= DIRECTIONS FOR THIS TASK =
Nothing but the lines from the one that holds "时间流逝/4k/机场内部/香港，中国视频素材" through the end of the material should be repeated, each exactly as it stands, and pictures stay out.

= DATA SECTION =
# # # #
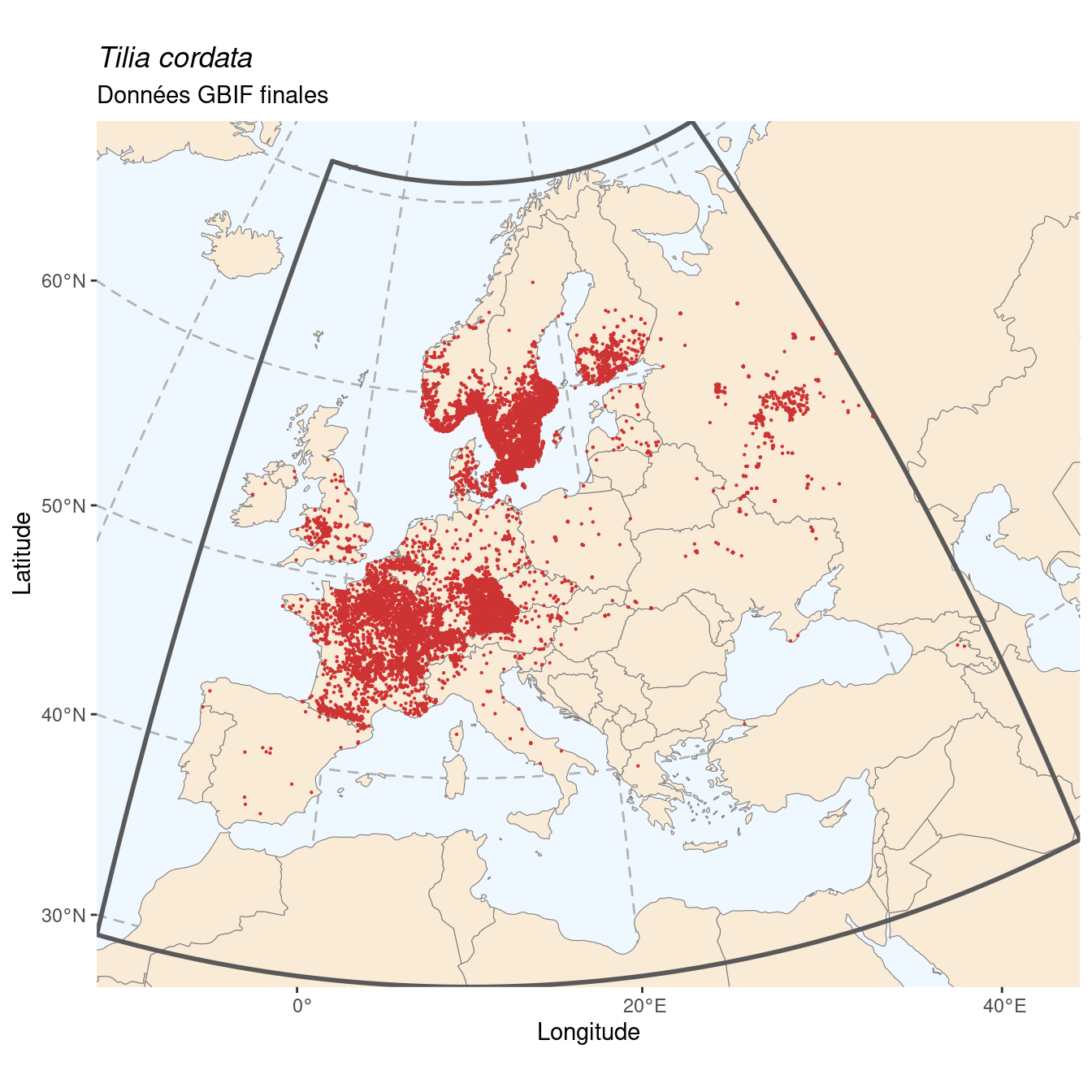 Occurrence de Tilia cordata dans la région d'endémisme après sous-échantillonnage éventuel.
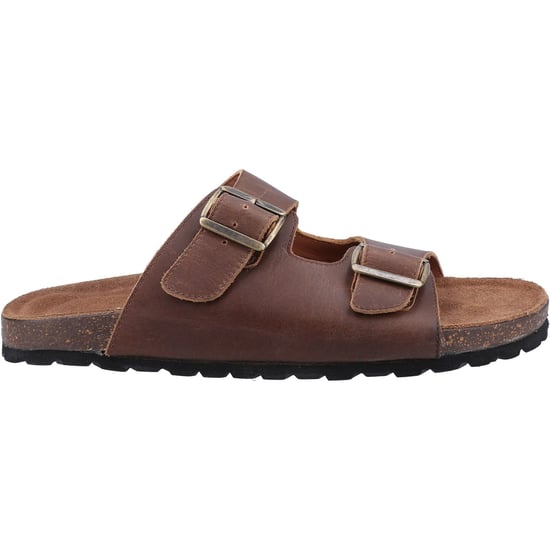 Hush Puppies Nash Slider Leder Herren Braun Sandalen - Image 4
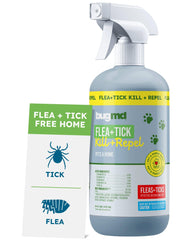 BugMD pet safe flea spray bottle ready-to-use for at-home flea control.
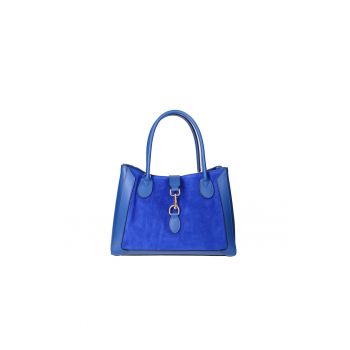 Geanta de piele cu insertii de piele intoarsa - Albastru royal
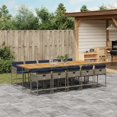 thumbnail image 1 of vidaXL 11 Piece Garden Dining Set with Cushions Grey Poly Rattan, 1 of 5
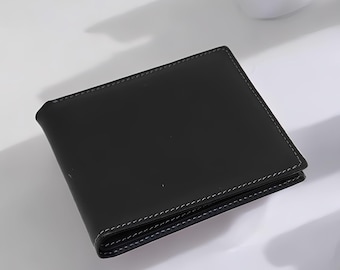 Leren portemonnee voor heren van echt runderleer, eenvoudige minimalistische volnerf lederen organizer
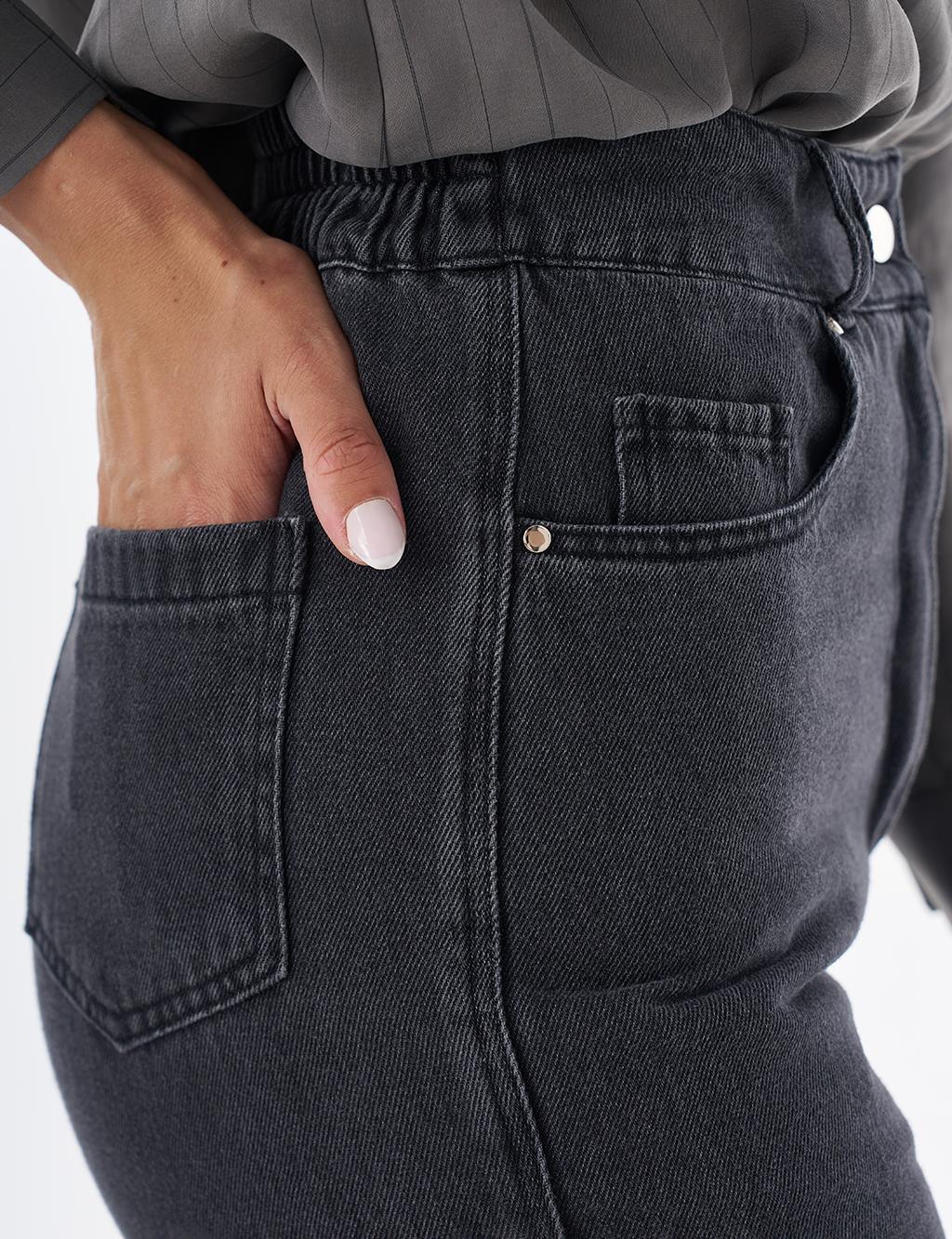Tasseled Denim Pants – Black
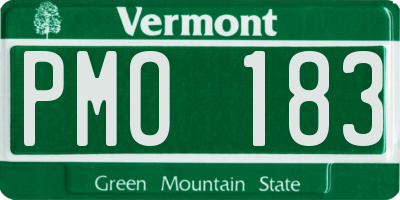 VT license plate PMO183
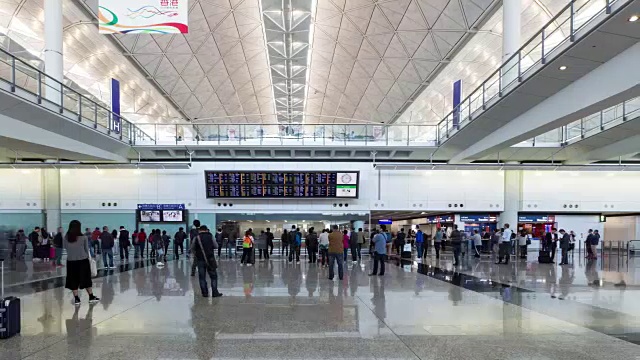 时间流逝/4k/机场内部/香港，中国视频素材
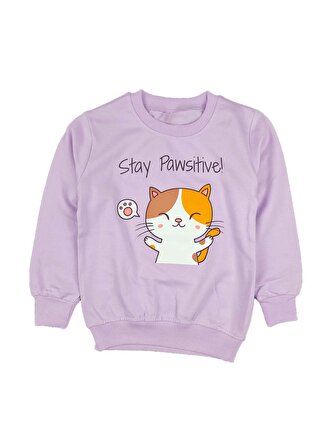 Kız Çocuk Mevsimlik Sweatshirt Stay Pawsitive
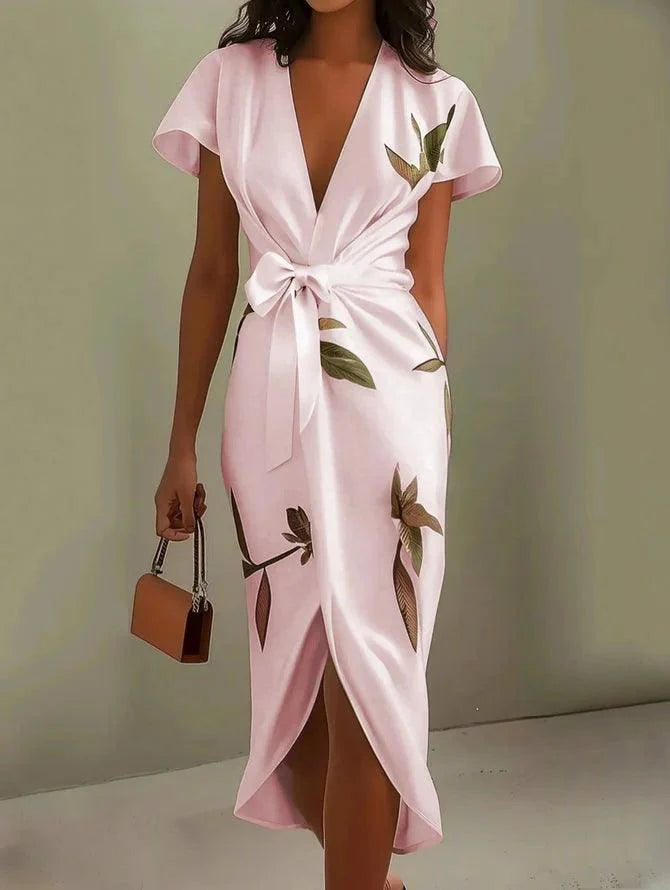 White Leaf Satin Wrap Midi Dress with Short Sleeves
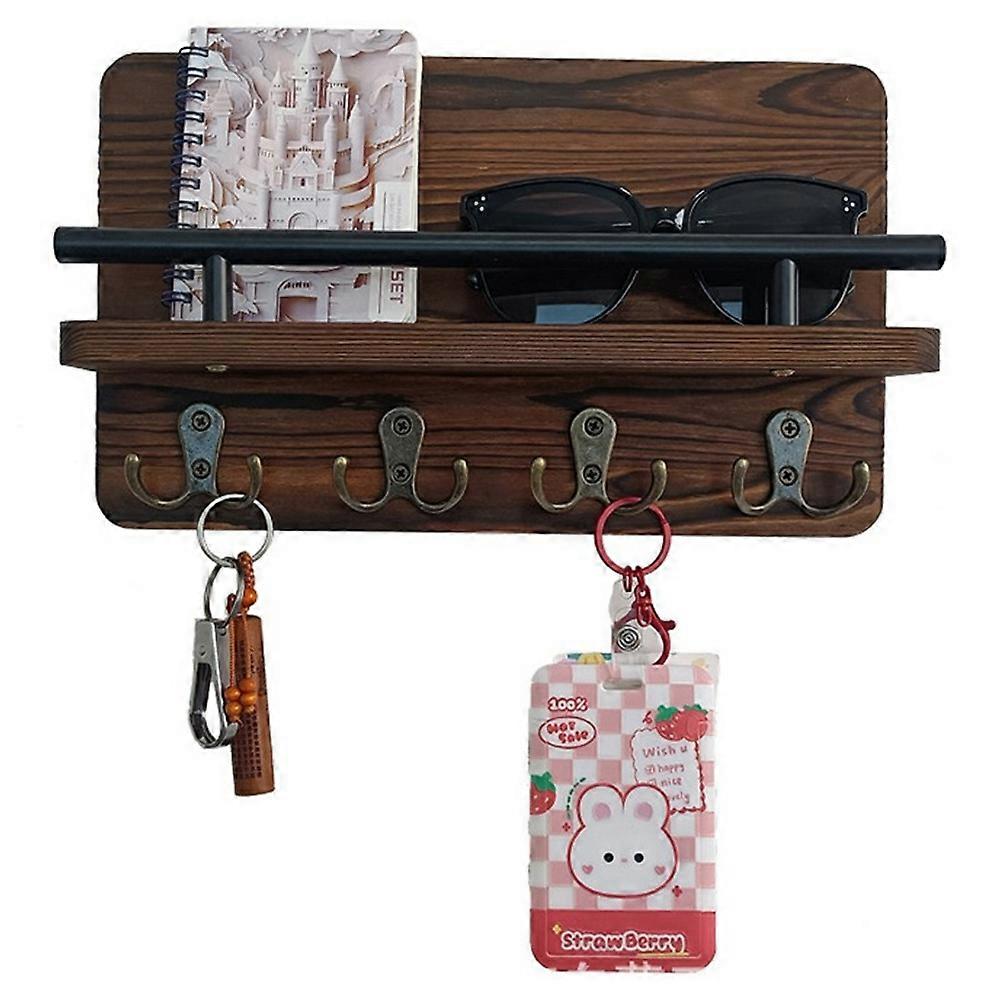 Wall Mounted Wooden Mail Organizer Key Hanging Rack Multi-Function Entryway Storage Shelf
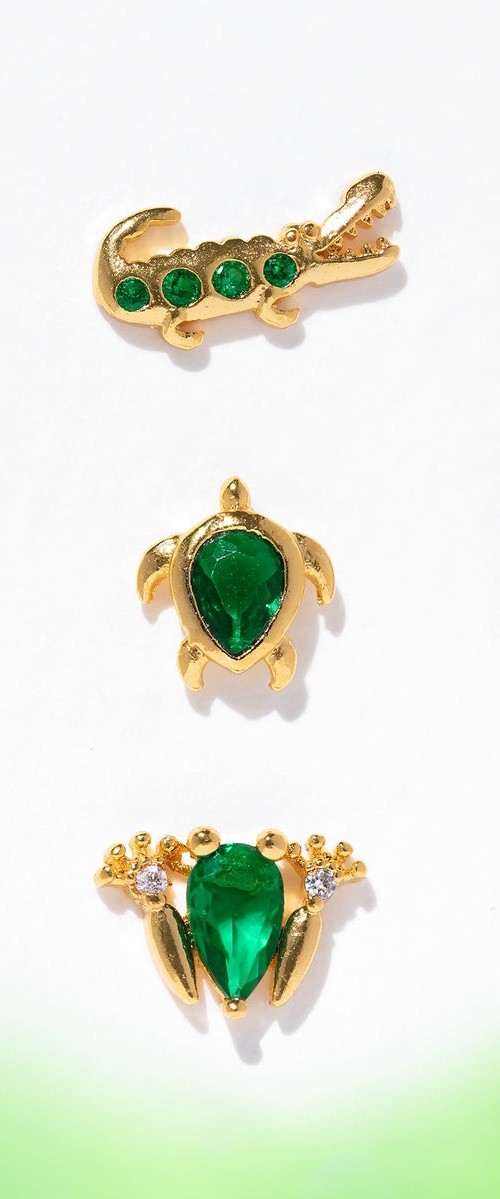 Girls Crew Emerald Rainforest Stud Set of 3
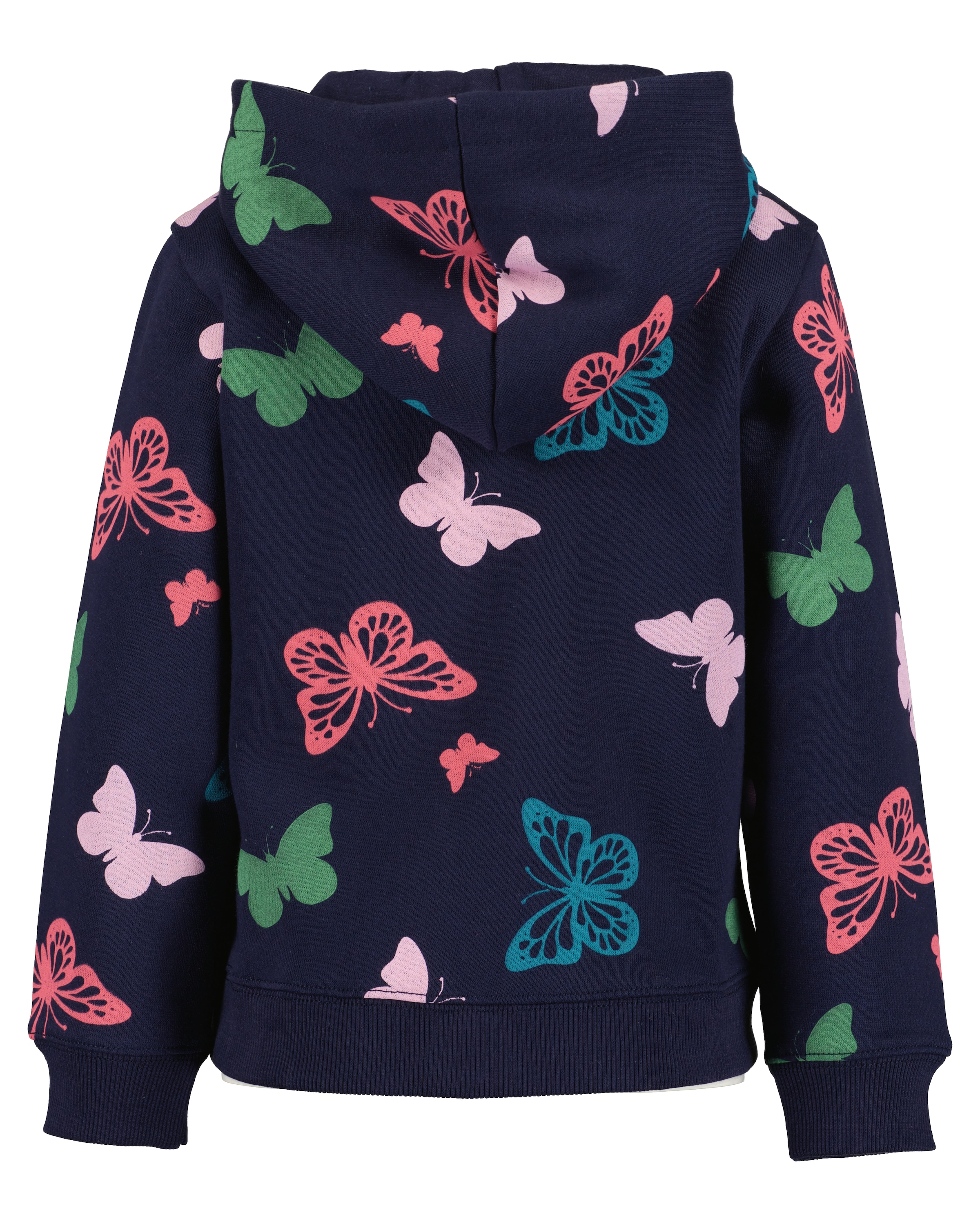Blue Seven Kapuzensweatjacke , mit Kängurutasche und tollem Schmetterlings-Alloverdruck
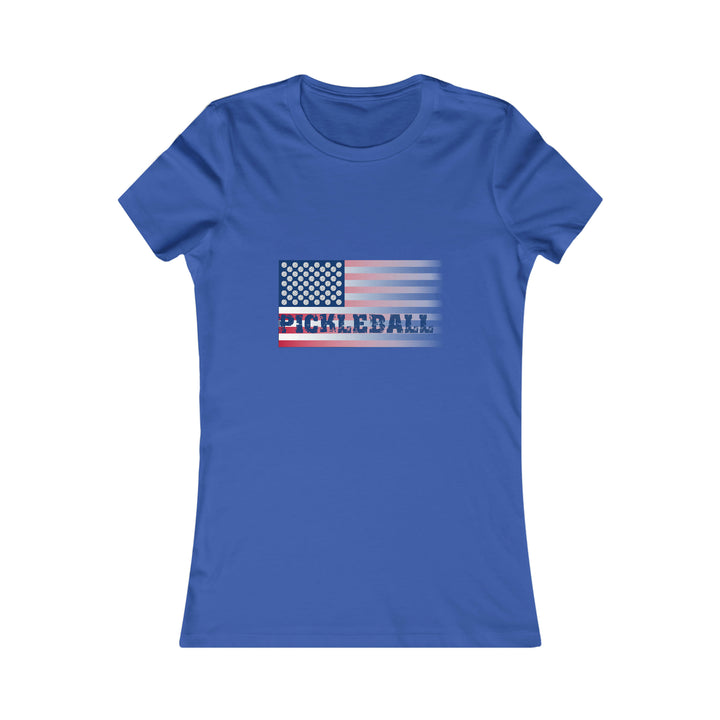 Pickleball Flag (Faded) Women's Slim-Fit Premium Cotton T-Shirt - Great Pickleball Stuff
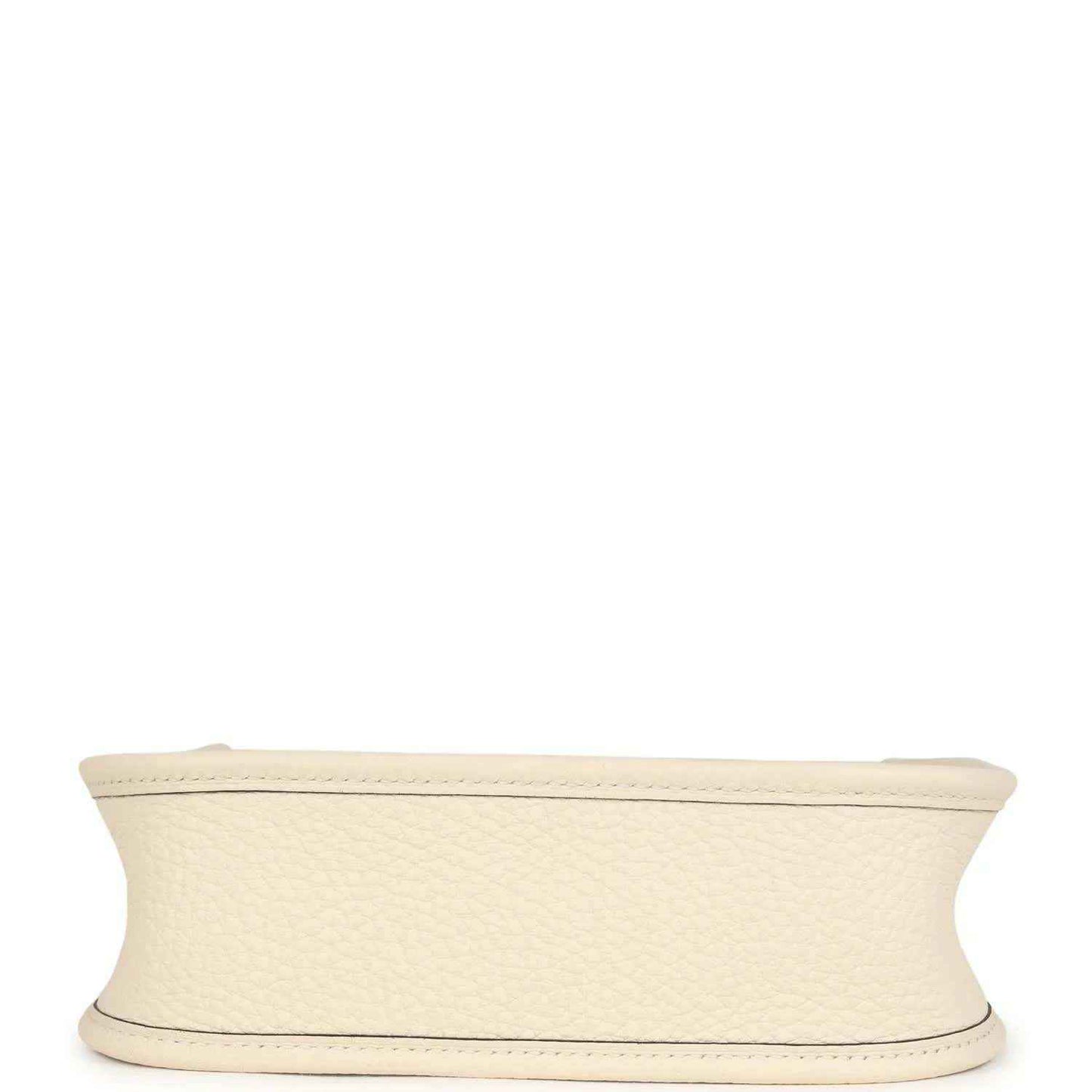 Cream textured leather bag base with smooth trim edge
# # # #
= RESPONSE AREA =
 时间流逝/4k/机场内部/香港，中国视频素材
 Kız Çocuk Mevsimlik Sweatshirt Stay Pawsitive
 White Leaf Satin Wrap Midi Dress with Short Sleeves
 Wall Mounted Wooden Mail Organizer Key Hanging Rack Multi-Function Entryway Storage Shelf
 Girls Crew Emerald Rainforest Stud Set of 3
Blue Seven Kapuzensweatjacke , mit Kängurutasche und tollem Schmetterlings-Alloverdruck
 Pickleball Flag (Faded) Women's Slim-Fit Premium Cotton T-Shirt - Great Pickleball Stuff
 Cream textured leather bag base with smooth trim edge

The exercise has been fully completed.